• Required action: Repeat only the lines below from the one containing "The Codefather Coding" through the one containing "Lion King Birthday", inclusive, exactly as written.

(Input data begins)

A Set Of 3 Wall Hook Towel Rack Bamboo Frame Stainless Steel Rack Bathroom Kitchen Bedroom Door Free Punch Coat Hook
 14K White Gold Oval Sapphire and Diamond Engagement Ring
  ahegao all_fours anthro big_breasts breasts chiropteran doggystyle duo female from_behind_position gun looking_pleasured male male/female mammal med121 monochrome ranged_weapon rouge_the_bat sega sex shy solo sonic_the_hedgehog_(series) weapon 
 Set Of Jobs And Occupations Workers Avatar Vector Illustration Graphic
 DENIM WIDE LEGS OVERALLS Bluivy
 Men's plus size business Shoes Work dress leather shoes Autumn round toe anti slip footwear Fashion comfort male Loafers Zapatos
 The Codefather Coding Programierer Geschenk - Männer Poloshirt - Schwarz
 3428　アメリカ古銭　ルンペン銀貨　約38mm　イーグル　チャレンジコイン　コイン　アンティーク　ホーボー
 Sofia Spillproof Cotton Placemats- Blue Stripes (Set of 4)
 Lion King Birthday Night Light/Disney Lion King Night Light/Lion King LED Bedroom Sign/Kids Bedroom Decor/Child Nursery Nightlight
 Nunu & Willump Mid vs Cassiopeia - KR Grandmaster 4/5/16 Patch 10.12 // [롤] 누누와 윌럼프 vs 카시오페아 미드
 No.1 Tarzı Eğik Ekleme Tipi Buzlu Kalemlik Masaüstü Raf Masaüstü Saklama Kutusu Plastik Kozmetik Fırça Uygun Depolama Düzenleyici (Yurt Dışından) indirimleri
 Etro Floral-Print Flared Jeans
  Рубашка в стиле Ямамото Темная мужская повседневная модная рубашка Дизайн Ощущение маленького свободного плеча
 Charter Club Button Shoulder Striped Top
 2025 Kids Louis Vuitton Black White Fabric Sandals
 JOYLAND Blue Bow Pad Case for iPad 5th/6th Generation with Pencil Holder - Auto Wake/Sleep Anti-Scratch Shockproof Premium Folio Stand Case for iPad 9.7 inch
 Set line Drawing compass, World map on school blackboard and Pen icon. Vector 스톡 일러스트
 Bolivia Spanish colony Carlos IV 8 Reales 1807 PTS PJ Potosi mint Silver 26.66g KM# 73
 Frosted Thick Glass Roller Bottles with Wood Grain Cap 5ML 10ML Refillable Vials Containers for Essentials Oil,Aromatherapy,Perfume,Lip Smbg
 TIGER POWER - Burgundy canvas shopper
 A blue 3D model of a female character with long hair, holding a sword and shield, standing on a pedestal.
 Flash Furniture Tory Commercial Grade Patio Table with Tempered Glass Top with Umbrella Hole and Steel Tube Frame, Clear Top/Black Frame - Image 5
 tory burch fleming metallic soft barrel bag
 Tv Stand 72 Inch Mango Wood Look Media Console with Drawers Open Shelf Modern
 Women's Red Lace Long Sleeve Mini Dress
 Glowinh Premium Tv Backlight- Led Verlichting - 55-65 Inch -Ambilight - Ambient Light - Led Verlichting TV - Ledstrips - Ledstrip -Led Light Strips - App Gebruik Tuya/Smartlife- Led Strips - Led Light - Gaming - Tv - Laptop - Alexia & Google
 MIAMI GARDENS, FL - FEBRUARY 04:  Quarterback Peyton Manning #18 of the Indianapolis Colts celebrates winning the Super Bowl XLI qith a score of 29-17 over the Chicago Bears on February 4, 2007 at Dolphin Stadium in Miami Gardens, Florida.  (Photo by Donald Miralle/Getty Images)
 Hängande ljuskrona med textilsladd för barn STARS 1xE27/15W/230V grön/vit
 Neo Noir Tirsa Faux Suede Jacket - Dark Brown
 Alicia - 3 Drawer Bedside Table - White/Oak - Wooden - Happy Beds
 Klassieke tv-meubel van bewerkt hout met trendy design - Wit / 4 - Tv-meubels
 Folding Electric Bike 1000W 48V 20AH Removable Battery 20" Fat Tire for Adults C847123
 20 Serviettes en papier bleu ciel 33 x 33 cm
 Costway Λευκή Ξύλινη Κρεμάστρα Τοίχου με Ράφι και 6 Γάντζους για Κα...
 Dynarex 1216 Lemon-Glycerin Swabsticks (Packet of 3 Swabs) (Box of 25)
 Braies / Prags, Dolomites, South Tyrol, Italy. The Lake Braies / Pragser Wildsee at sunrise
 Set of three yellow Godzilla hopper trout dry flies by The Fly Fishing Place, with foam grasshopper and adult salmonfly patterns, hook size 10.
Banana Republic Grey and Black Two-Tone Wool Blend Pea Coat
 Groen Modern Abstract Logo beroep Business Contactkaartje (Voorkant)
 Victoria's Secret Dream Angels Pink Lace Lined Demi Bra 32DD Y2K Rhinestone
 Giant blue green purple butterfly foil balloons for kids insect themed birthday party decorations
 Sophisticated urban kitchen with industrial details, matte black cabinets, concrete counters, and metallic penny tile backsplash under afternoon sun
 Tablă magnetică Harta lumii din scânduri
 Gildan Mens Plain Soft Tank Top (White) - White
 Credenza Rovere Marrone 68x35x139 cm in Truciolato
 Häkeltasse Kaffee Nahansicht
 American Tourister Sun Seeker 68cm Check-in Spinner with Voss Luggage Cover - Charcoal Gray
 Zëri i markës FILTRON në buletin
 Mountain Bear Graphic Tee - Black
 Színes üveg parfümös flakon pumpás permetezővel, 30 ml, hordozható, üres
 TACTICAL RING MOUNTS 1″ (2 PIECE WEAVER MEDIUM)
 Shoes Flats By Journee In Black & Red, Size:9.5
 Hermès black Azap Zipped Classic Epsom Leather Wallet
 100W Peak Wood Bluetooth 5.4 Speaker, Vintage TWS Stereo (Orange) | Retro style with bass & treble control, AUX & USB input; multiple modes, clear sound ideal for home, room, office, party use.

(Input data ends)

• Answer space:
 The Codefather Coding Programierer Geschenk - Männer Poloshirt - Schwarz
 3428　アメリカ古銭　ルンペン銀貨　約38mm　イーグル　チャレンジコイン　コイン　アンティーク　ホーボー
 Sofia Spillproof Cotton Placemats- Blue Stripes (Set of 4)
 Lion King Birthday Night Light/Disney Lion King Night Light/Lion King LED Bedroom Sign/Kids Bedroom Decor/Child Nursery Nightlight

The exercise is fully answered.